On Saturday Sir Edward Carson was still in the central limelight, Russia had intervened and demanded more time for Serbia, and the Daily Chronicle declared the day a critical one for Europe. Dublin with bayonet charges and bullets thrust Serbia into a corner on Monday. No shots had yet been fired in the East, and the mischief in Ireland that Germany had counted on was well ahead. Sir Edward Grey was said to be working hard for peace.
"It's the cry of wolf," said Mr. Britling to Herr Heinrich.
"But at last there did come a wolf," said Herr Heinrich. "I wish I had not sent my first moneys to that Conference upon Esperanto. I feel sure it will be put off."
"See!" said Teddy very cheerfully to Herr Heinrich on Tuesday, and held up the paper, in which "The Bloodshed in Dublin" had squeezed the "War Cloud Lifting" into a quite subordinate position.
"What did we tell you?" said Mrs. Britling. "Nobody wants a European war."
But Wednesday's paper vindicated his fears. Germany had commanded Russia not to mobilise.

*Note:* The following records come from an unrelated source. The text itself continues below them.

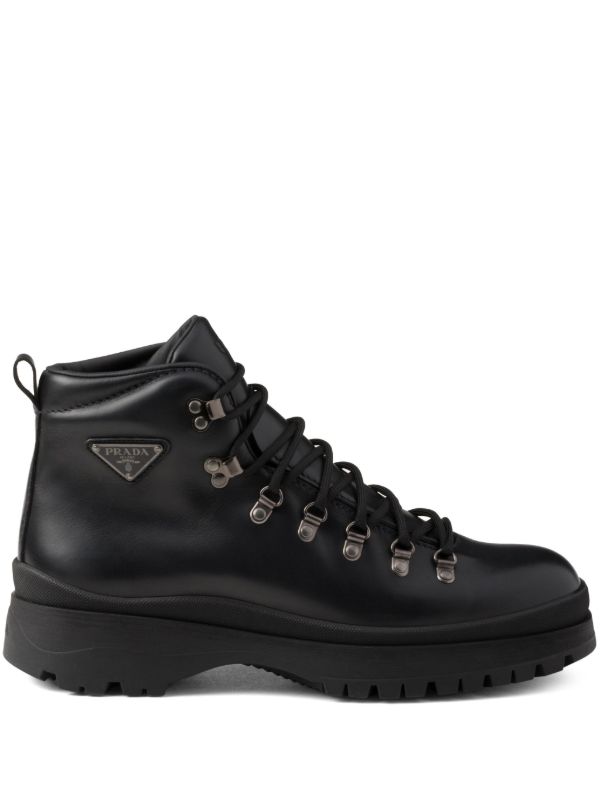 Prada Brixxen Leather Boots | Black | FARFETCH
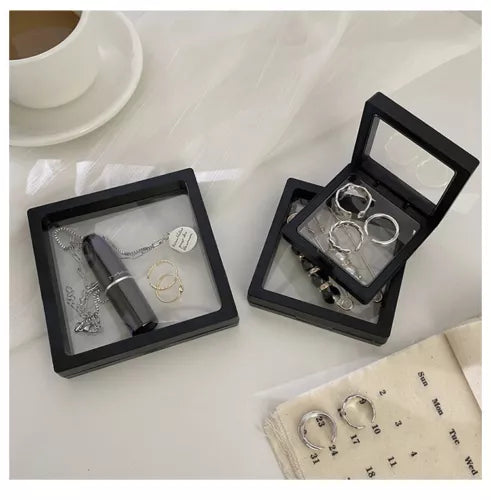 Anyvogue Jewelry Box Black Transparent Display Case for Pendant Necklace Bracelet Ring
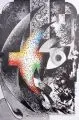 Robert Hudson, Abstrakte Komposition, 1985, Farblithografie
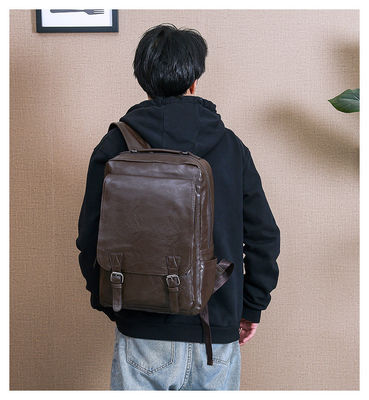 Acceptable OEM/ODM PU de cuero Mujer mochila portátil con intercalado de ordenador interior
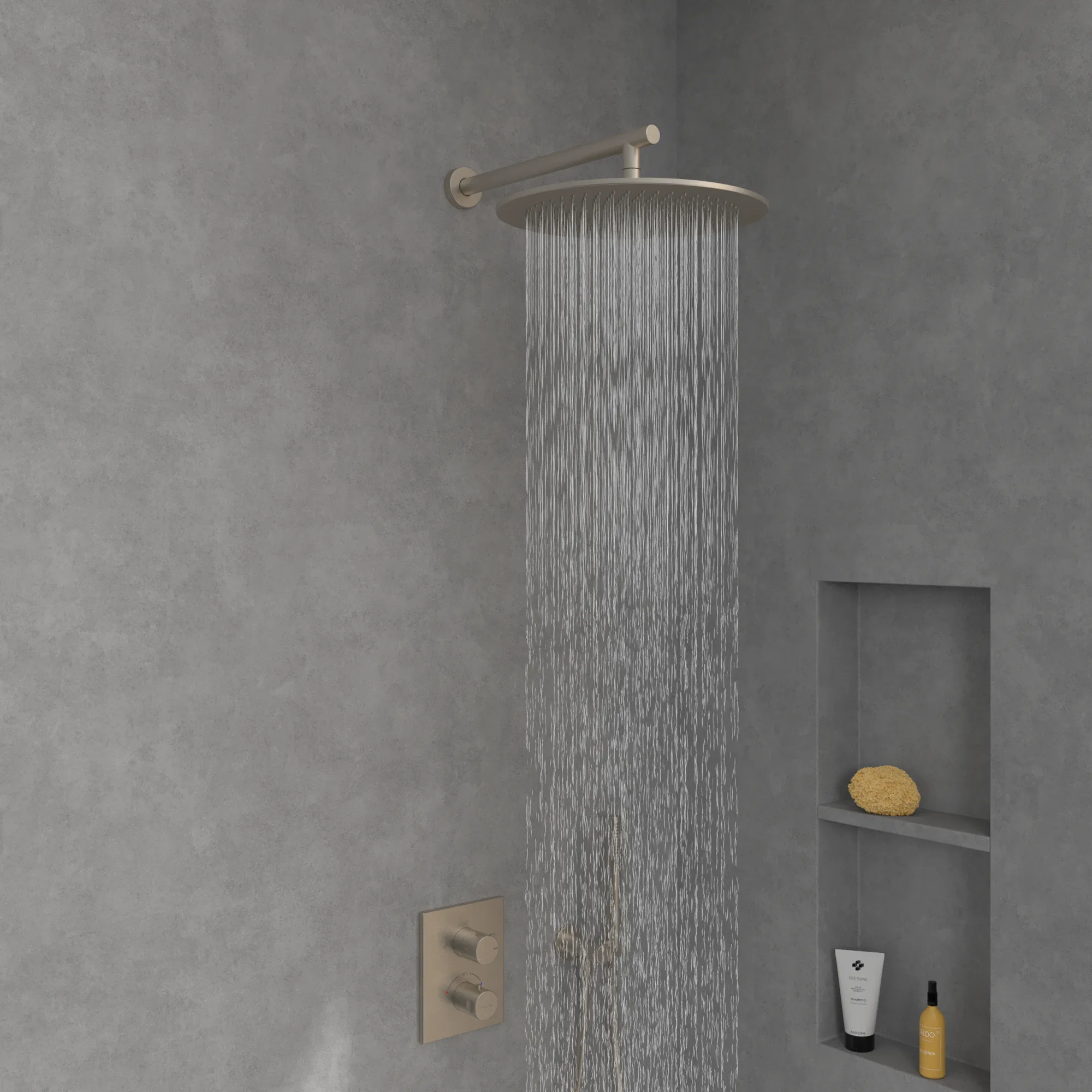 Duschkopf TVC00000300061, rund ⌀ 35 × 6,3 cm in Brushed Nickel Matt Duschkopf TVC00000300061, rund ⌀ 35 × 6,3 cm in Brushed Nickel Matt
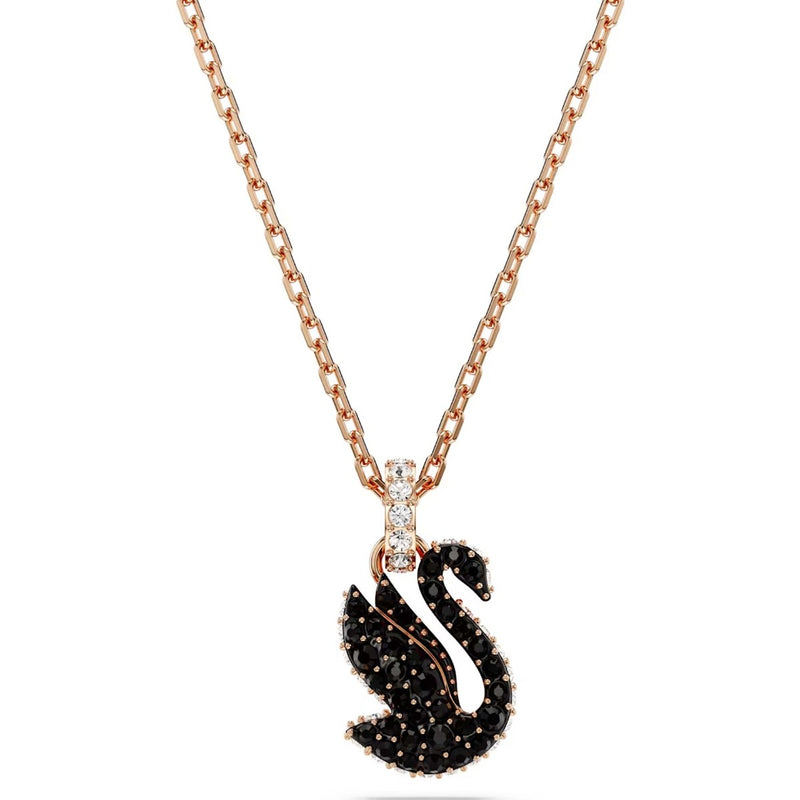 Swarovski Swan pendant, Swan, Small, Black, Rose gold-tone plated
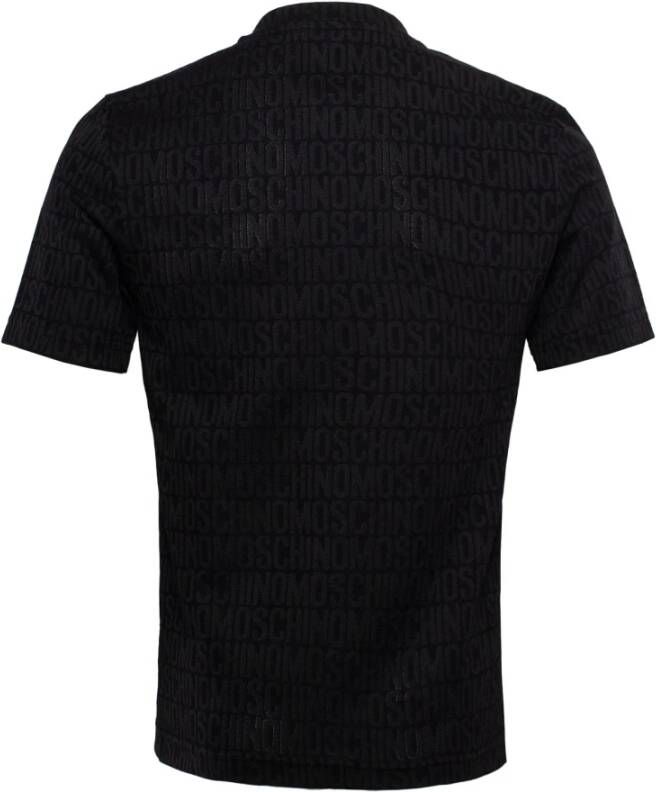 Moschino Monogram-patroon crew-neck T-shirt Black Heren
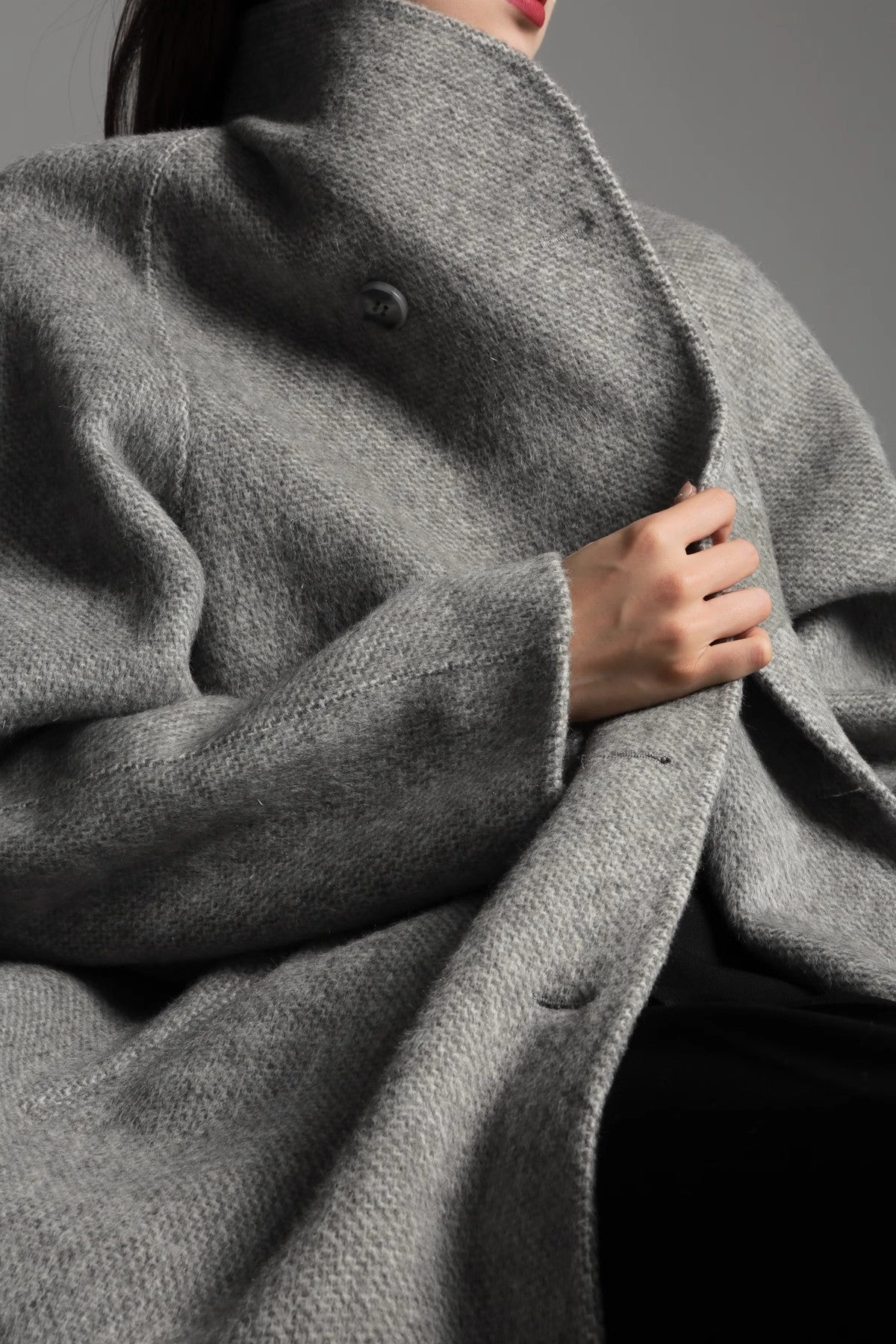 Alpaca Wool Double-Collar Coat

"Of course Russia will mobilise," said Herr Heinrich.
"Or else forever after hold her peace," said Teddy.
"And then Germany will mobilise," said Herr Heinrich, "and all my holiday will vanish. I shall have to go and mobilise too. I shall have to fight. I have my papers."
"I never thought of you as a soldier before," said Teddy.
"I have deferred my service until I have done my thesis," said Herr Heinrich. "Now all that will be—Piff! And my thesis three-quarters finished."
"That is serious," said Teddy.
"Verdammte Dummheit!" said Herr Heinrich. "Why do they do such things?"
On Thursday, the 30th of July, Caillaux, Carson, strikes, and all the common topics of life had been swept out of the front page of the paper altogether; the stock exchanges were in a state of wild perturbation, and food prices were leaping fantastically. Austria was bombarding Belgrade, contrary to the rules of war hitherto accepted; Russia was mobilising; Mr. Asquith was, he declared, not relaxing his efforts "to do everything possible to circumscribe the area of possible conflict," and the Vienna Conference of Peace Societies was postponed. "I do not see why a conflict between Russia and Austria should involve Western Europe," said Mr. Britling. "Our concern is only for Belgium and France."